En primer año me enamoré de una niña llamada Sol. En segundo año, mezclado con la facción masculina de las últimas filas durante los actos cívicos, me acostumbré a corear “sepuestro” en lugar de “sepulcro”, y a sustituir a voz en cuello lo de “ciña, oh Patria, tus sienes de oliva, de la paz el arcángel divino” por un no menos incomprensible “si ya Patria tu sien es de oliva, de la paz, de la paz, del divino”; como todos los demás, trataba de imaginar la cara de Masiosare, y remataba el juramento a la bandera diciendo “resistencia” en vez de “nuestra existencia”. En tercer año me obligaron a casarme en una kermesse. En cuarto año fui Vicente Guerrero durante los festejos de septiembre; mis patillas y mis entonces suficientes rizos entusiasmaron a la maestra, mi madre le disimuló los rótulos de US NAVY a mi chamarra azul celeste con borrega, y yo anduve todo el rato lidiando por mantener pechera de papel terciopelo rojo y charreteras doradas en su sitio. En quinto año me mudé de la Independencia a la Narvarte.
En sexto de primaria, fui sargento de la escolta por una breve temporada. Episodio en el que quiero demorarme con mayor pausa que en los otros.
Lo habitual durante la ceremonia de honores a la bandera, era que habiendo recibido de manos de la directora nuestro lábaro patrio, este cuerpo honorífico permaneciera en el centro del patio, presidiendo desde ahí los diversos números programados para el día. Pero sucedió que, con motivo de la visita de un inspector de la SEP, se había preparado una coreografía especial cuya realización contemplaba desplazamientos por el patio entero. Así que a mitad del evento, una atribulada profesora corrió a informarme que había que mover la escolta con todo y bandera, porque estorbaba.
Empotrarnos en nuestro puesto de partida era una maniobra contemplada para el final de las ceremonias, cuando devuelto el lienzo tricolor a su vitrina podíamos transitar en fila india a las espaldas de la banda de guerra. Hacerlo sin romper formación exigía improvisar. Improvisar ante los ojos apremiantes no sólo del estudiantado, de la planta docente y de la autoridad administrativa en pleno, sino también de la suprema encarnación de terror institucional conocida por todos los presentes (“va a venir el inspector, va a venir el inspector”) suponía un reto capaz de hacer temblar, estoy seguro, el pulso del más imperturbable general insurgente.

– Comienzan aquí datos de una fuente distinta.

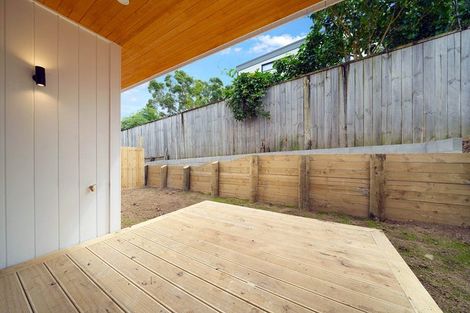 Photo of property in 6b Palmer Avenue, Glen Eden, Auckland, 0602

No pasó por mi cabeza ordenar media vuelta. No me atreví a aventurar una larga serie de conversiones que hubieran prolongado para todos el impás y la tortura. Cuanto se me ocurrió fue ordenar marcha atrás. Y marcha atrás volvimos a nuestro sitio, despejando el patio.
Al final del evento, algo descompuesta y poco menos que trémula, la subdirectora de la escuela vino a explicarme con acentos flamígeros que nunca, bajo ninguna circunstancia, la bandera nacional da marcha atrás. Como no había galones que arrancarle de la manga a mi suéter azul rey, perdí el cargo de sargento sin ceremonias y sin derecho a apelaciones. A las pocas semanas, mi hermana la segunda recibiría una severa reprimenda por romper un tambor, debido según el profesor responsable a su desordenado e impetuoso entusiasmo.